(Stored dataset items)

[Start of section]

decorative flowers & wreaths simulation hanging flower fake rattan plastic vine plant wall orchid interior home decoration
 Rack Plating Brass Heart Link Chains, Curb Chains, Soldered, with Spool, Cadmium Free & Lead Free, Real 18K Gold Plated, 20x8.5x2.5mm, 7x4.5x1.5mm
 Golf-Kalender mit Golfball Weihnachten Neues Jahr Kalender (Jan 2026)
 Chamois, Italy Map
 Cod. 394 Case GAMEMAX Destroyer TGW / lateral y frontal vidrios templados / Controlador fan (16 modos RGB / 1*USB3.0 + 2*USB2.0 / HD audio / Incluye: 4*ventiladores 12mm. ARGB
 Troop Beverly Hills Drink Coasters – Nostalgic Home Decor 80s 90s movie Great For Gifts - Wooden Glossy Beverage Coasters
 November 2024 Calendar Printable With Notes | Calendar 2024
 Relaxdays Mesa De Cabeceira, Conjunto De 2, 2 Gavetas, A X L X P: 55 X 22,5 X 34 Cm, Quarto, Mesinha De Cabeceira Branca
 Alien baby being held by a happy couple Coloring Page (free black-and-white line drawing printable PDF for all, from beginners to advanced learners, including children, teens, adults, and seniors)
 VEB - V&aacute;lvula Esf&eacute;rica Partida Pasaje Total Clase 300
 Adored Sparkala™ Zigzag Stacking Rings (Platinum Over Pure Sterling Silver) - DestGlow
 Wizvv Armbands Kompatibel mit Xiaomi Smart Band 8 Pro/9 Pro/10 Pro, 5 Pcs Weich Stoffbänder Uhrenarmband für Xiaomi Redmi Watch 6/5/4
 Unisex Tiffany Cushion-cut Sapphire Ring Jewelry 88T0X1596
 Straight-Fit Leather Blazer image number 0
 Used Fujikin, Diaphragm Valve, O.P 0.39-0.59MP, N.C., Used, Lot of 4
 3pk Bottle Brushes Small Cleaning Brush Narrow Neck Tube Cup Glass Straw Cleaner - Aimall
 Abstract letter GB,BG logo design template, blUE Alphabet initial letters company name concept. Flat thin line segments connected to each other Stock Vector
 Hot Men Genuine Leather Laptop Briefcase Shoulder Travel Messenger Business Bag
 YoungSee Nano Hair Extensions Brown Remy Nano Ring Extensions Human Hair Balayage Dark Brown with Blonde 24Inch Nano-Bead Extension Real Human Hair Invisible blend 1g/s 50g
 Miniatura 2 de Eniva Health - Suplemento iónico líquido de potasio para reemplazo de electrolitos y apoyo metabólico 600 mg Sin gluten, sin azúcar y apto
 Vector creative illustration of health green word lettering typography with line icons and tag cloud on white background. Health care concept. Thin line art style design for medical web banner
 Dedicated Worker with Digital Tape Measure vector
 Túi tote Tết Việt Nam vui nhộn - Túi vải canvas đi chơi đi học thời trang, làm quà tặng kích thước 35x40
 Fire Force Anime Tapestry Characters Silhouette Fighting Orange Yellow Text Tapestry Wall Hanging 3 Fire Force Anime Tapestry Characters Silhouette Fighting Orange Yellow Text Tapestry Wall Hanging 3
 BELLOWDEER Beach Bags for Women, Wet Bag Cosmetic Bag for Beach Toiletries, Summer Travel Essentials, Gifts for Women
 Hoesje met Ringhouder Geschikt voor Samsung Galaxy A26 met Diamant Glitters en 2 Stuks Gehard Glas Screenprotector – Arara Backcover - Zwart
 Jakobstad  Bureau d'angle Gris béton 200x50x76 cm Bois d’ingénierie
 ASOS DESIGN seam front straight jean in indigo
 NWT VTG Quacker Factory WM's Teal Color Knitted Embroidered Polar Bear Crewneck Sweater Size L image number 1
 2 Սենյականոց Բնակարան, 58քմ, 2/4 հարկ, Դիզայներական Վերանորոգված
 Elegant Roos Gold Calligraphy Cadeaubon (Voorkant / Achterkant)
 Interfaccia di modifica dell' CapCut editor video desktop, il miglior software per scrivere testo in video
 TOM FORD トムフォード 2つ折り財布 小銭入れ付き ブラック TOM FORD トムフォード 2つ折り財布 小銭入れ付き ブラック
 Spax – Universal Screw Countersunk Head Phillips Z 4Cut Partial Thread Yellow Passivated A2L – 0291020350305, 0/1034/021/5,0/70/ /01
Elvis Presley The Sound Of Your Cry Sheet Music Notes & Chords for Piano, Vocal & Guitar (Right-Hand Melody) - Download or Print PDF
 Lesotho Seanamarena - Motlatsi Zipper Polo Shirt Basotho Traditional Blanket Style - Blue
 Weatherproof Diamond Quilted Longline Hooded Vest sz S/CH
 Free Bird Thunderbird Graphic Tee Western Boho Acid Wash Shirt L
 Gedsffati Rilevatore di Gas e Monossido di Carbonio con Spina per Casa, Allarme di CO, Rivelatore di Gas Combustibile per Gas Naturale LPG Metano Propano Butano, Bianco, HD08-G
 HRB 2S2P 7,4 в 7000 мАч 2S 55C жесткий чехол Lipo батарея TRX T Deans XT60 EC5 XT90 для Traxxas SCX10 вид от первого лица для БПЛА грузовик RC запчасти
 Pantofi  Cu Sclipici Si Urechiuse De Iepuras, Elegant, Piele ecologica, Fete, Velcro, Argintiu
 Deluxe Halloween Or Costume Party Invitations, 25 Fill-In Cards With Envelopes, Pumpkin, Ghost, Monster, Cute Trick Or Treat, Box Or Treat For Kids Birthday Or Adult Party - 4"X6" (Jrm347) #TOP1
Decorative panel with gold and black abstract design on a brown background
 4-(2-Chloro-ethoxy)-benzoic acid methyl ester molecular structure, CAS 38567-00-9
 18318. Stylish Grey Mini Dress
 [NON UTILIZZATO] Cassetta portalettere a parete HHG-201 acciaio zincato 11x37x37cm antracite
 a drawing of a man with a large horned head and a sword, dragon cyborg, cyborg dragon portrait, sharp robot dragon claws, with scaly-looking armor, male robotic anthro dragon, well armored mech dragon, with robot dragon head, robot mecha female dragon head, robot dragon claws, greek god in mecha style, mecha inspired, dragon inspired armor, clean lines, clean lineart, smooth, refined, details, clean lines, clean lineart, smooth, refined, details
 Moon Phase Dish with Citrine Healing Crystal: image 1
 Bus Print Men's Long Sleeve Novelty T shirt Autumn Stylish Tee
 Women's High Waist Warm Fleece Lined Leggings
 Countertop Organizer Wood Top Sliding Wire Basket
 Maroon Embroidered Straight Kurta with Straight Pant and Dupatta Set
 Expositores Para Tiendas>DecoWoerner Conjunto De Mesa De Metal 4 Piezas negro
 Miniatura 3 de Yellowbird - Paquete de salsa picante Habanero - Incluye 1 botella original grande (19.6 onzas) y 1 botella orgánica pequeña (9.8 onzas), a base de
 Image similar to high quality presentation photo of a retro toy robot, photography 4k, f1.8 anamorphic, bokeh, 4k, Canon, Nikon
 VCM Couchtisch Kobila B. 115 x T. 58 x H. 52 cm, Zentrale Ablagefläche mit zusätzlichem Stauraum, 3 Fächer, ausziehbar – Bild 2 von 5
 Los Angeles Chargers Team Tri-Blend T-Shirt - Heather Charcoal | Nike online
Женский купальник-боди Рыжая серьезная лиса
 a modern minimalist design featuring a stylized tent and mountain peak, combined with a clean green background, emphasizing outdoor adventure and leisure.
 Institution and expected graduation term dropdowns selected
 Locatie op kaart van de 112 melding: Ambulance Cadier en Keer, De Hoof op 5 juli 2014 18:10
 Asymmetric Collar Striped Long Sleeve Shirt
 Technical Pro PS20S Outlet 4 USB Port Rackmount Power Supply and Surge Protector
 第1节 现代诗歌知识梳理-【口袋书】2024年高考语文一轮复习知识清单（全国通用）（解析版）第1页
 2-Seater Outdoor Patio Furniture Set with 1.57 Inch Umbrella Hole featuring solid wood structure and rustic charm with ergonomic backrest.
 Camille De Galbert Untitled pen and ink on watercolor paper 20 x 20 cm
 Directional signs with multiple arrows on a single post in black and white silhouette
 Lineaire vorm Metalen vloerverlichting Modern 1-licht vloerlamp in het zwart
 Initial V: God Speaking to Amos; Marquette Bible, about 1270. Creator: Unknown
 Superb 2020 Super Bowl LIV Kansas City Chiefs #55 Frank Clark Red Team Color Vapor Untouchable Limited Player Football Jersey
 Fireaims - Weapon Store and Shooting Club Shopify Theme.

[End of section]

- **Task requirements**
Copy exactly the stretch of data above from the line with "Maroon Embroidered Straight" through the line with "VCM Couchtisch Kobila", and omit all other lines.

- **Written solution**
 Maroon Embroidered Straight Kurta with Straight Pant and Dupatta Set
 Expositores Para Tiendas>DecoWoerner Conjunto De Mesa De Metal 4 Piezas negro
 Miniatura 3 de Yellowbird - Paquete de salsa picante Habanero - Incluye 1 botella original grande (19.6 onzas) y 1 botella orgánica pequeña (9.8 onzas), a base de
 Image similar to high quality presentation photo of a retro toy robot, photography 4k, f1.8 anamorphic, bokeh, 4k, Canon, Nikon
 VCM Couchtisch Kobila B. 115 x T. 58 x H. 52 cm, Zentrale Ablagefläche mit zusätzlichem Stauraum, 3 Fächer, ausziehbar – Bild 2 von 5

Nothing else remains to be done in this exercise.